My conclusion is simpler about corporations than it was about the universities, although perhaps not easier to defend: Corporations should keep their relationships with colleges and universities in long-term perspective. Those who would applaud an end to corporate philanthropic support of Harvard include (a) some who hate Harvard and (b) some who hate Exxon (apart from those who hate them both for being rich and powerful). There are also those who believe that philanthropy should be doled out only to ideological allies and the well-behaved, and those who believe that corporate philanthropy corrupts the university.

The relationship between business and higher education has served the private interests of both and the public interest as well. There are times when each party tries to take advantage of the other. On the average, however, it has been a valuable and constructive relationship, which is one of the reasons I was so disappointed with Harvard in this case.
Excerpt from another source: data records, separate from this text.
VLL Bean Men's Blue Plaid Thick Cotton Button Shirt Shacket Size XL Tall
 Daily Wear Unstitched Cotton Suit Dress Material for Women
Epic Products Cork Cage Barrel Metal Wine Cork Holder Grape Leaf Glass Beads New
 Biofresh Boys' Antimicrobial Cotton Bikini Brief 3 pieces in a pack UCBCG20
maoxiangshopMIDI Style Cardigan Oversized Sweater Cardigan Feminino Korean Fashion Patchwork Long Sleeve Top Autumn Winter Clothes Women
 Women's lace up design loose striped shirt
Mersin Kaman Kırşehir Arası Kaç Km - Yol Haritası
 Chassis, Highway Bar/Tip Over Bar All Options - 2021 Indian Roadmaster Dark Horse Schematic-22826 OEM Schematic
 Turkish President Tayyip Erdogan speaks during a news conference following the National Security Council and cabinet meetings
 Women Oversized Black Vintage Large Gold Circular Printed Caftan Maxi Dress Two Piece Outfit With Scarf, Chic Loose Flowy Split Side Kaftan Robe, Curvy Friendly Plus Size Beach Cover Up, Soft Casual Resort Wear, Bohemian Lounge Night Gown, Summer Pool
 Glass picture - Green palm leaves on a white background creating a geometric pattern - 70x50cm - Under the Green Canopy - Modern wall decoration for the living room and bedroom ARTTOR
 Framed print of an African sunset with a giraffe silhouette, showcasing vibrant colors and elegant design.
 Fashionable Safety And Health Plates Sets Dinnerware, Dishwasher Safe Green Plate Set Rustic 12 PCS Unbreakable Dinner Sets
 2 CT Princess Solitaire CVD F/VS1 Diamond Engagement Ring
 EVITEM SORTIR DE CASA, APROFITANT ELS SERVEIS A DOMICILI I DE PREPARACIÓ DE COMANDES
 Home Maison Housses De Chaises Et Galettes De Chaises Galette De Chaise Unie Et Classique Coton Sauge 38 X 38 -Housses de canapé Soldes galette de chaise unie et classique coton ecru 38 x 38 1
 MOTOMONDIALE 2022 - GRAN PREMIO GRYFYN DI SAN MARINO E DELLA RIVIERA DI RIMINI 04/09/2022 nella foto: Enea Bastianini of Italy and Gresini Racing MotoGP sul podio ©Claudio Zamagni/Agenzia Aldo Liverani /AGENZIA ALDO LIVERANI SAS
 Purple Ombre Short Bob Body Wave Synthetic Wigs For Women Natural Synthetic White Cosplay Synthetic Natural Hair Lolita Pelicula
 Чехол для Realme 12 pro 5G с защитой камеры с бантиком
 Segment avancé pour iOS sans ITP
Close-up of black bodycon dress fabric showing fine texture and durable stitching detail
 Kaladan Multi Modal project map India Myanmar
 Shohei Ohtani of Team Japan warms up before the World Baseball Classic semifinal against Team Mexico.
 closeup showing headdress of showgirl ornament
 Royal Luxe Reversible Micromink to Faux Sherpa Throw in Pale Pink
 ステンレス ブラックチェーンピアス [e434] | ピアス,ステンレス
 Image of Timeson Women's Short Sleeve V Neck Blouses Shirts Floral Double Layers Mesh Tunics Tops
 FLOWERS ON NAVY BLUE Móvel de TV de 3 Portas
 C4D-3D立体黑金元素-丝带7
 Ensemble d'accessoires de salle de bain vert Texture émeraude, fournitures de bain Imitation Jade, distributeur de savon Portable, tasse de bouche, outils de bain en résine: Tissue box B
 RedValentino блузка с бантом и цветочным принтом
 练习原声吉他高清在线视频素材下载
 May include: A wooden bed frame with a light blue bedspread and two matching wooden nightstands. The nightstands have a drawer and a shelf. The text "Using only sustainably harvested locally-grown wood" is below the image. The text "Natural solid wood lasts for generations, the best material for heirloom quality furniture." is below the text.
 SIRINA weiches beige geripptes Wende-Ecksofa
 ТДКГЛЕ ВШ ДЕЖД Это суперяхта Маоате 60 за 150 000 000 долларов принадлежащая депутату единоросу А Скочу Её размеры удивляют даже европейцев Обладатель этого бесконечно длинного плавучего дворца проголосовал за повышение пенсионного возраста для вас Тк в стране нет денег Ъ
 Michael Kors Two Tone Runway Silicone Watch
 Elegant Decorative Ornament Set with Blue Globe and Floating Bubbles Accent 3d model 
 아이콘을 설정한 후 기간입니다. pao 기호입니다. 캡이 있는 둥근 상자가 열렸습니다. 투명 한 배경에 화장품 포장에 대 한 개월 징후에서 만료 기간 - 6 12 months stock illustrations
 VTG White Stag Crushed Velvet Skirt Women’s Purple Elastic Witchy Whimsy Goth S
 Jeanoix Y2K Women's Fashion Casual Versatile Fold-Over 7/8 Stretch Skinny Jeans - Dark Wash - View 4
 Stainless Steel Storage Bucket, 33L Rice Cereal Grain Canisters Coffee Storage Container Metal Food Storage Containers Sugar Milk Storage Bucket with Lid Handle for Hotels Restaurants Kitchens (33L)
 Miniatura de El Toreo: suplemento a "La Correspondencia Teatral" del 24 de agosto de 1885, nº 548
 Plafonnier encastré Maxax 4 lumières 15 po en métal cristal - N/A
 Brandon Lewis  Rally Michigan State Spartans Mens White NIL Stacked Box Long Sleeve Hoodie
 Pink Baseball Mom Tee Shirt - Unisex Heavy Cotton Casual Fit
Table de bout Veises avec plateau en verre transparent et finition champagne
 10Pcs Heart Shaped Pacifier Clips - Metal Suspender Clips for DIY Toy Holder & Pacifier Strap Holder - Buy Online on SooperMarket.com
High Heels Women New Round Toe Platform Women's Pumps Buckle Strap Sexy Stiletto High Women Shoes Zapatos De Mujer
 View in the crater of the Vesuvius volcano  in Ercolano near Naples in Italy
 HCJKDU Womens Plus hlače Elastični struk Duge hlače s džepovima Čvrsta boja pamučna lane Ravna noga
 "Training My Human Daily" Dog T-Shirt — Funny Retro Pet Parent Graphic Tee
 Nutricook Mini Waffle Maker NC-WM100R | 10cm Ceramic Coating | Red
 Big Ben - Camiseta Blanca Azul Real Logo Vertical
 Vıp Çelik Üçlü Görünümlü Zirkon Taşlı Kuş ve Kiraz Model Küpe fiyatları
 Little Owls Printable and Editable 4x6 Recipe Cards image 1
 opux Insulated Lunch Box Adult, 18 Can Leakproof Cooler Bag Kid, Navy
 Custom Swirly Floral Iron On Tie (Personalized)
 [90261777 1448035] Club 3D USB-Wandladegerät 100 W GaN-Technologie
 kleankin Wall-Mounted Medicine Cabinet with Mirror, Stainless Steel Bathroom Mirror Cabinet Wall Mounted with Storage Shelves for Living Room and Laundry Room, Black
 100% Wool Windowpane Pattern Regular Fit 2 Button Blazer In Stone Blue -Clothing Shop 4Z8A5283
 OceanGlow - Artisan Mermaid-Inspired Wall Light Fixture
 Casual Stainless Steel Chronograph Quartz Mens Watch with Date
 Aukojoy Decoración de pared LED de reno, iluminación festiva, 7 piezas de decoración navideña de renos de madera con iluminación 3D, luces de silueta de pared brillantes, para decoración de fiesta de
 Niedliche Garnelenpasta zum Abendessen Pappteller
What is "Harvard," after all? On the divestment issue I draw on two sources: Roderick M. MacDougall, Harvard's treasurer and chairman of the Corporate Committee on Social Responsibility (he shared with me the letter I've quoted earlier) and one of the most thoughtful and persuasive writers on the South Africa divestment effort, Derek Bok (his two open letters to his Harvard colleagues are masterful). The problem is that he failed to win the argument. I agree with Bok and disagree with MacDougall, and infer that they disagree with each other. It seems certain that there is deeply divided opinion on the issue at Harvard, especially in the faculty. (Was it Mary McCarthy who once defined a faculty member as "someone who thinks to the contrary"?) Various forces are always at work trying to tie "Harvard" down to one moral or political position or another, and the consensus, if reached, is fragile at best.

Exxon, however, is by definition (at least to this point in time) a much more closed and disciplined organization. It doesn't encourage free-wheeling internal debate on such matters throughout its executive ranks, but assigns problems to specific people for analysis and recommendation. Although the process is more orderly than in universities, it doesn't mean that those charged with the responsibility of dealing with corporate controversies of this kind don't talk and fret and analyze them to death. Responsibility is especially burdensome when one is expected to be wise as well as smart.

Exxon certainly does not see itself as bearing the burden of moral spokesman for society. It gladly leaves that role to others. At the same time, an Exxon is not the amoral, greed-driven monster its critics make it out to be. An Exxon reflects the morality of its society and—voluntarily or under duress—accepts it. It is on such grounds that companies like Exxon have developed over the years "philosophies" of corporate social responsibility. They have gradually modified and broadened their perspective to include " communities of principle" as well as "communities of interest" (Henry Shue, Basic Rights, Subsistence, Affluence, and U.S. Foreign Policy, 1980).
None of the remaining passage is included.